Sta impazzando sui social (e anche in qualche, peraltro, non disprezzabile sito) la bufala secondo la quale la Tunisia non avrebbe firmato una non meglio precisata Convenzione di Ginevra. Ciò nel truffaldino tentativo di stoppare una ovvia domanda: perché la nave-ONG Sea Watch, se voleva salvare i naufraghi raccolti da gommoni, non si è subito recata nella vicina Tunisia ma ha fatto passare quindici giorni pur di farli sbarcare in Italia?

In realtà la Tunisia – che ha firmato, oltre a tutte le convenzioni internazionali sul diritto umanitario,  sia la Convenzione Internazionale per la sicurezza della vita umana in mare sia la Convenzione internazionale sulla ricerca ed il salvataggio marittimo , sia la Convezione sul diritto del Mare –  oltre a salvare quotidianamente natanti in procinto di affondare, continua ad accogliere, sempre più malvolentieri, migranti e profughi.

E visto che ci siamo segnaliamo due mezze bufale. E cioè che la Sea Watch avrebbe agito secondo il diritto del mare e l’articolo 10 della nostra Costituzione.

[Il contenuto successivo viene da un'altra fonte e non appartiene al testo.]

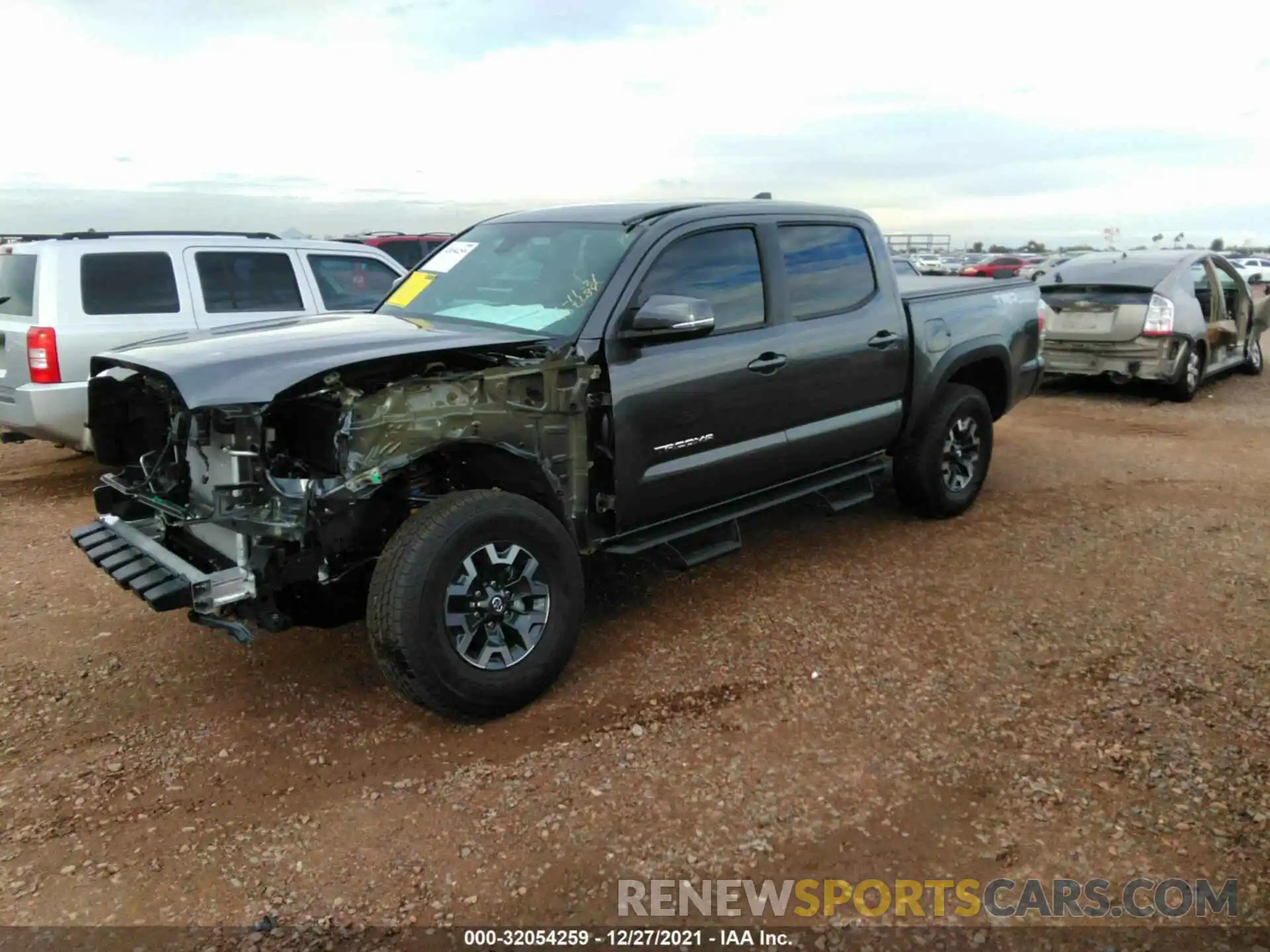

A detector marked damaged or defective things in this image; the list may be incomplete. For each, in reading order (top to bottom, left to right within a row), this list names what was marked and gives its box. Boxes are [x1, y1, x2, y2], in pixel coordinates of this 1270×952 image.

damaged bumper [1037, 335, 1185, 378]
row of damaged cars [1037, 249, 1265, 397]
wrecked sedan [1037, 251, 1265, 399]
crumpled front end [73, 346, 595, 635]
wrecked sedan [69, 202, 1042, 719]
damaged toyota tacoma [69, 202, 1048, 719]
damaged bumper [71, 516, 258, 614]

Per quanto riguarda il “diritto del mare” riteniamo facciano testo i recenti responsi sia del Tribunale amministrativo del Lazio sia della Corte Europea dei diritti dell’Uomo che, tra l’altro non hanno ravveduto nella recente legislazione italiana (e quindi nel blocco della Sea Watch) contrasti con i trattati internazionali firmati dall’Italia. Per quanto riguarda l’art. 10 (comma 3) della Costituzione il testo di questo “Lo straniero, al quale sia impedito nel suo paese l’effettivo esercizio delle libertà democratiche garantite dalla Costituzione italiana, ha diritto d’asilo nel territorio della Repubblica” viene, sì, sbandierato su tutti i social, ma omettendo la parte finale del comma: “secondo le condizioni stabilite dalla legge. “.